February 8, 2012
According to the discussion of L2/11-449 Extensions to Ideographic Description Sequences in meeting, here are proposed and
deletions to Section 12.2 of TUS and Annex I of ISO/IEC 10646. The intent of the changes is to extend the definition of IDS to achieve the same result as L2/11-449 achieves via extended IDS.
Although the Unicode Standard includes more than 75,000 CJK unified ideographs, thousands of extremely rare CJK ideographs have nevertheless been left unencoded. Research into cataloging additional ideographs for encoding continues, but it is anticipated that at no point will the entire set of potential, encodable ideographs be completely exhausted. In particular, ideographs continue to be coined and such new coinages will invariably be unencoded.

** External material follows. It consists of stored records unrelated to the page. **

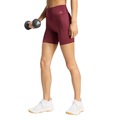 Calça Legging Legging Optime Workout Short adidas Feminina VINHO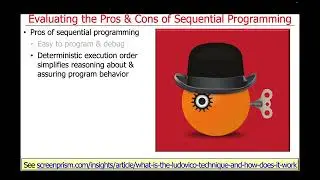 Evaluating the Pros & Cons of Sequential Programming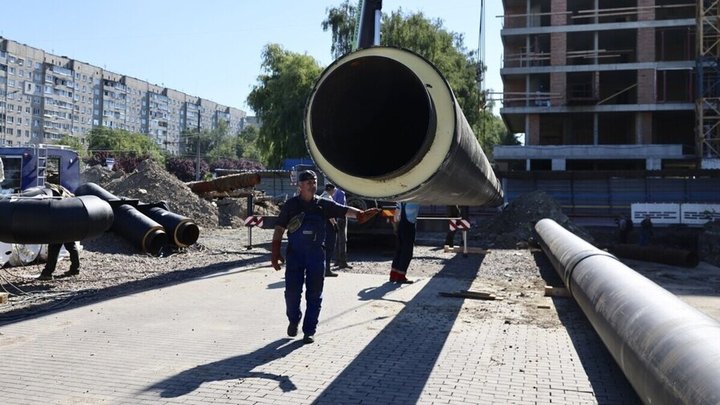 Львів’янам повертають гарячу воду: на Науковій завершують масштабну заміну теплотраси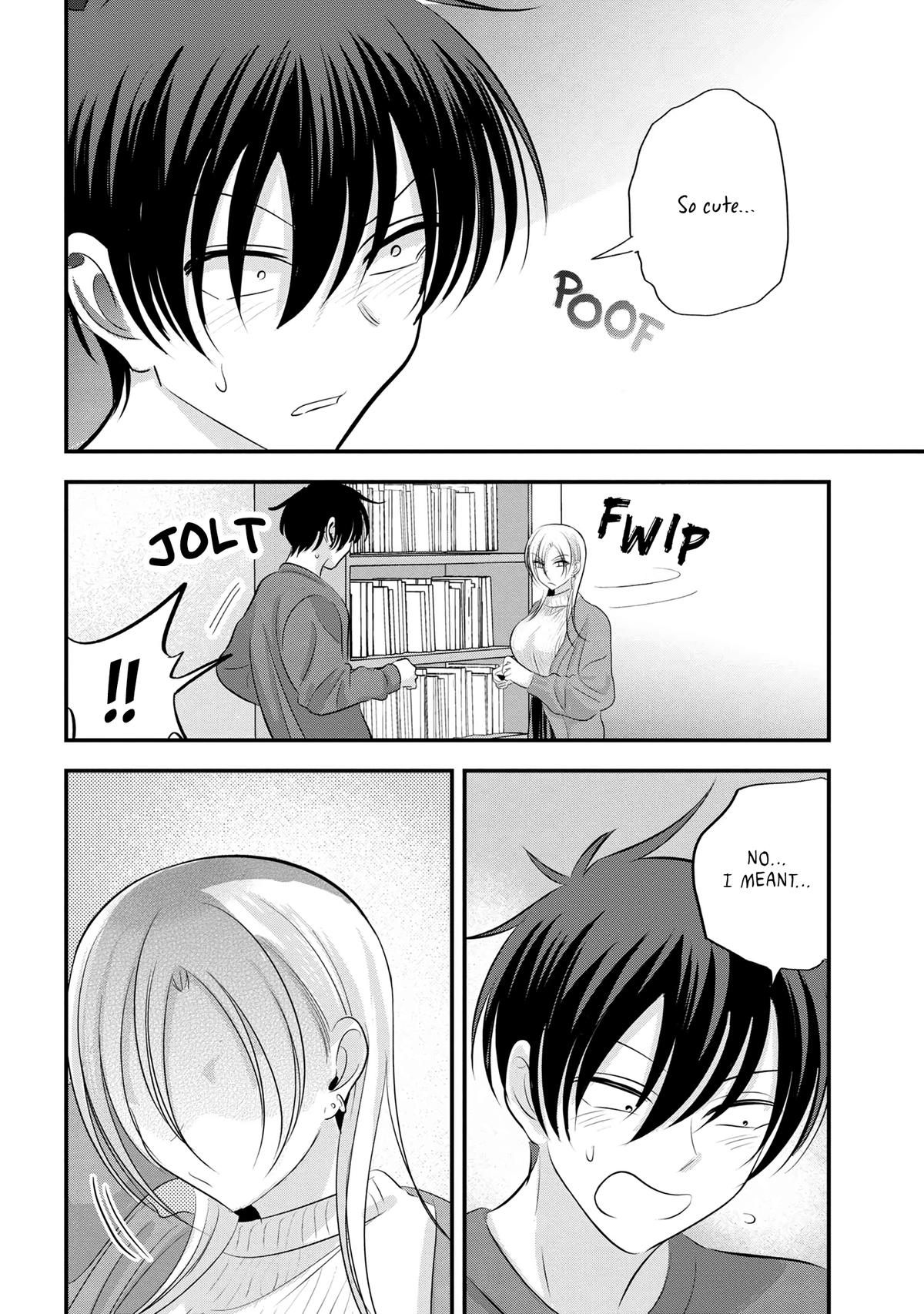 Kaette kudasai! Akutsu-san Chap 154 - Next Chap 155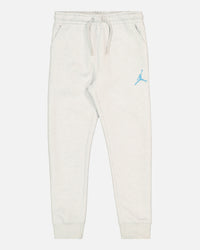Jordan Kids' Flight MVP Fleece Trackpants Pure Platinum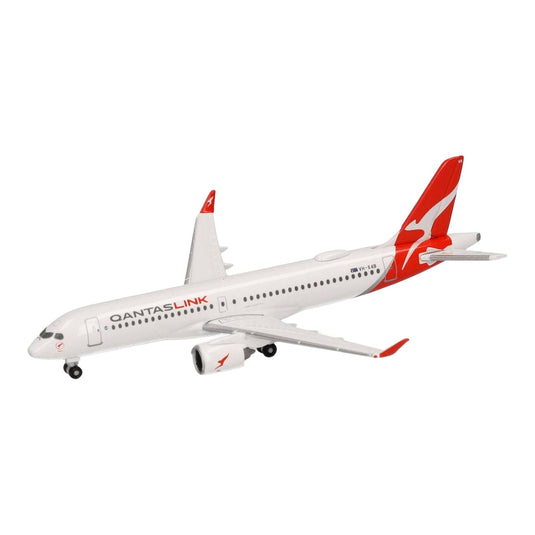 カンタスリンク QantasLink エアバス A220-300 VH-X4B / Herpa 1/500 飛行機模型 旅客機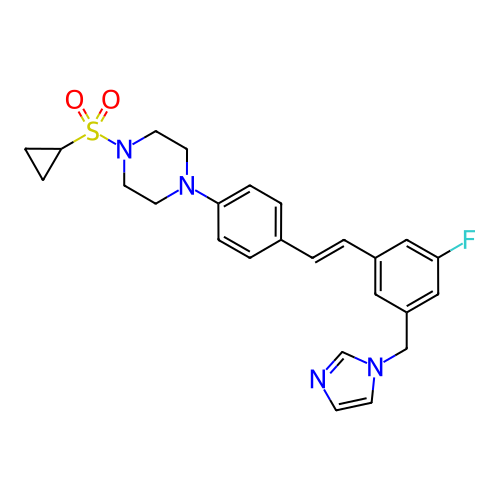 Chemical structure of BindingDB Monomer ID 50274161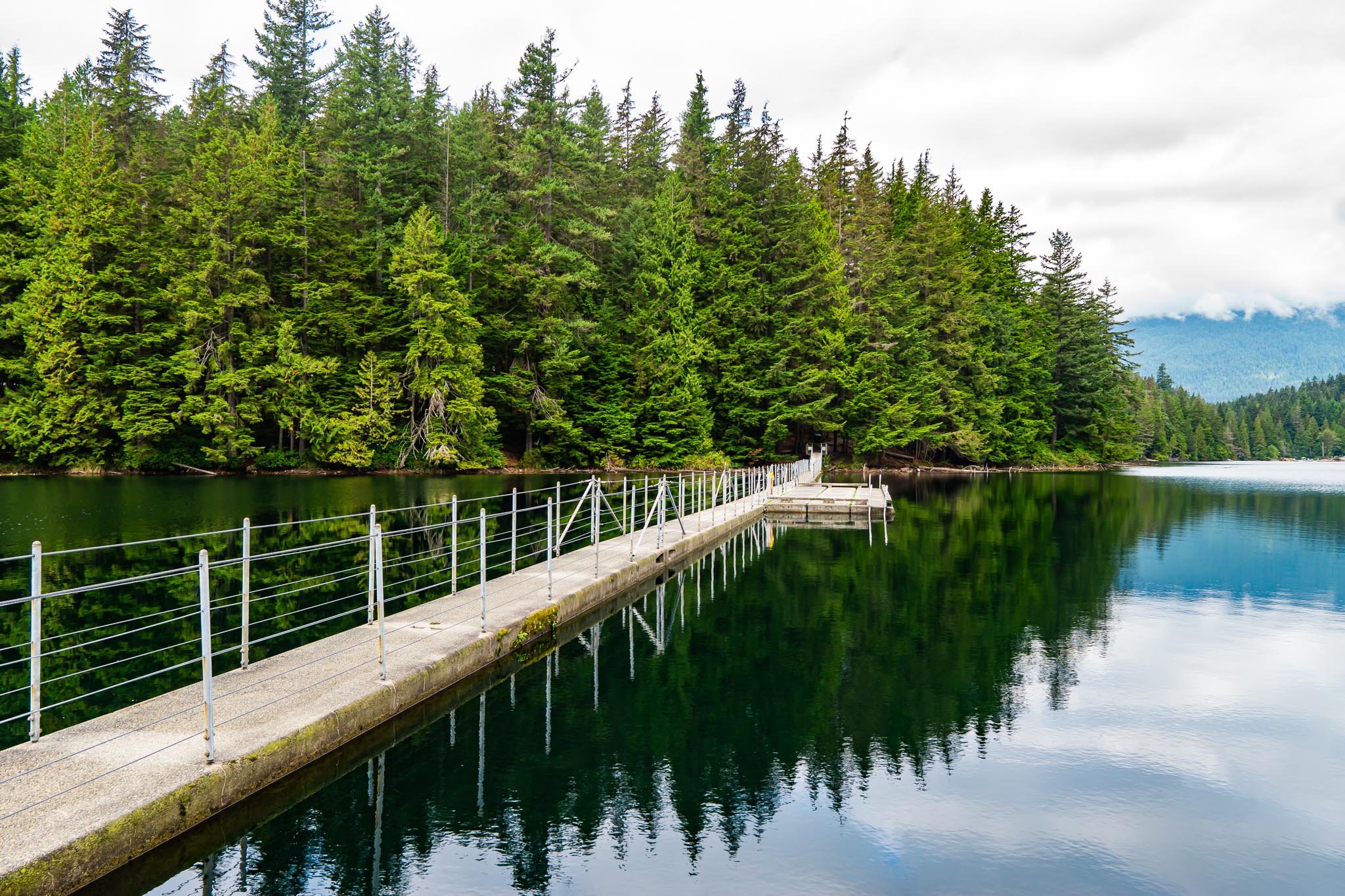 Hiking Sasamat Lake in Belcarra Regional Park Best Hikes BC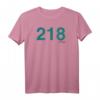 HapDuck Player 218 Costume T-Shirt - Lizenziertes Netflix, Korean Drama & Gaming T-Shirt für Fans & Partys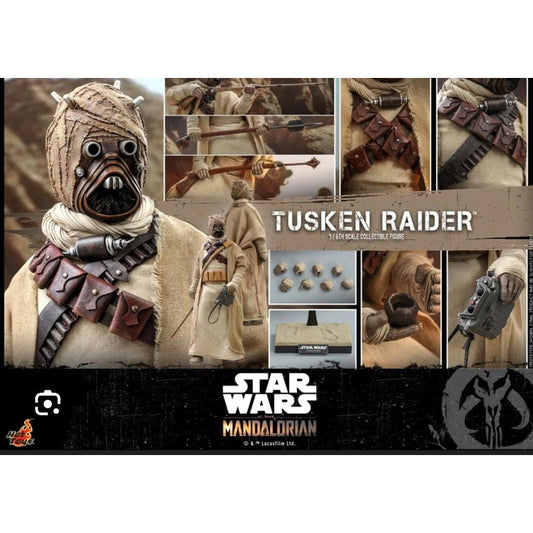 Hot Toys Star Wars Tusken Raider Figura 1/6 Fpx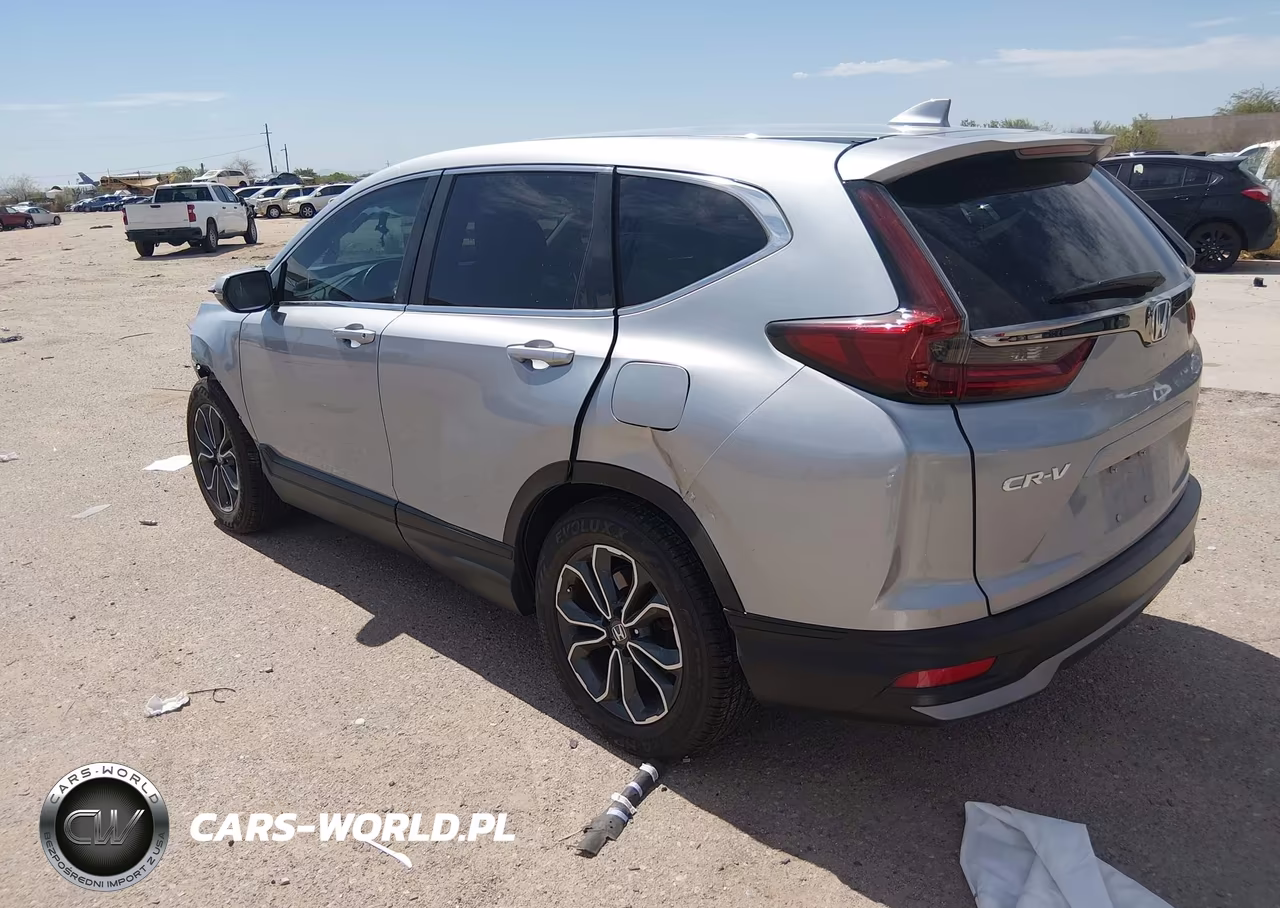 2022 Honda Cr-V 2Wd Ex-L VIN:7FARW1H88NE016658 - 3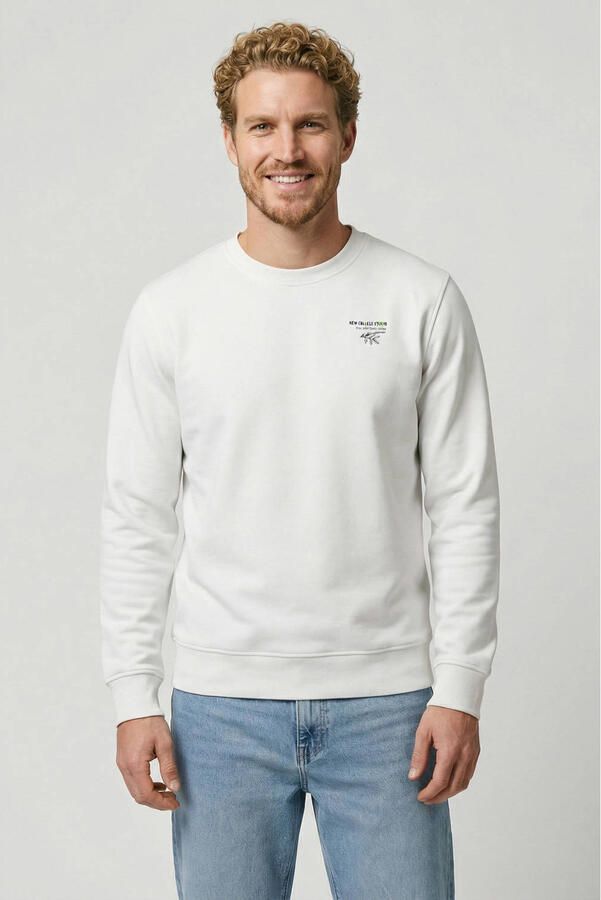 Cars regular fit sweater met backprint kit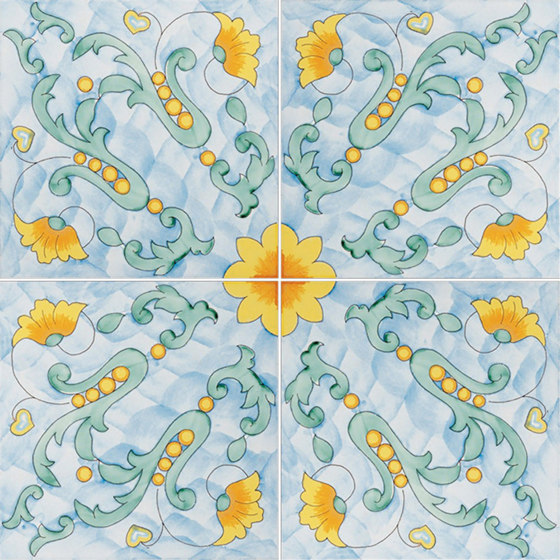 Antichi Decori Lobra | Ceramic tiles | Ceramica Francesco De Maio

The 12 characters in the Ideographic Description block provide a mechanism for the standard interchange of text that must reference unencoded ideographs. Unencoded ideographs can be described using these characters and encoded ideographs; the reader can then create a mental picture of the ideographs from the description.
This process is different from a formal encoding of an ideograph. There is no canonical description of unencoded ideographs; there is no semantic assigned to described ideographs; there is no equivalence defined for described ideographs. Conceptually, ideographic descriptions are more akin to the English phrase “an ‘e’ with an acute accent on it” than to the character sequence <U+0065, U+0301>.
In particular, support for the characters in the Ideographic Description block does not require the rendering engine to recreate the graphic appearance of the described character.
Note also that many of the ideographs that users might represent using the Ideographic Description characters will be formally encoded in future versions of the Unicode Standard.
The Ideographic Description Algorithm depends on the fact that virtually all CJK ideographs can be broken down into smaller pieces that are themselves ideographs. The broad coverage of the ideographs already encoded in the Unicode Standard implies that the vast majority of unencoded ideographs can be represented using the Ideographic Description characters.
Although Ideographic Description Sequences are intended primarily to represent unencoded ideographs and should not be used in data interchange to represent encoded ideographs, they also have pedagogical and analytic uses. A researcher, for example, may choose to represent the character U+86D9 蛙 as “蛙” in a database to provide a link between it and other characters sharing its phonetic, such as U+5A03 娃. The IRG is using Ideographic Description Sequences in this fashion to help provide a first-approximation, machine-generated set of unifications for its current work.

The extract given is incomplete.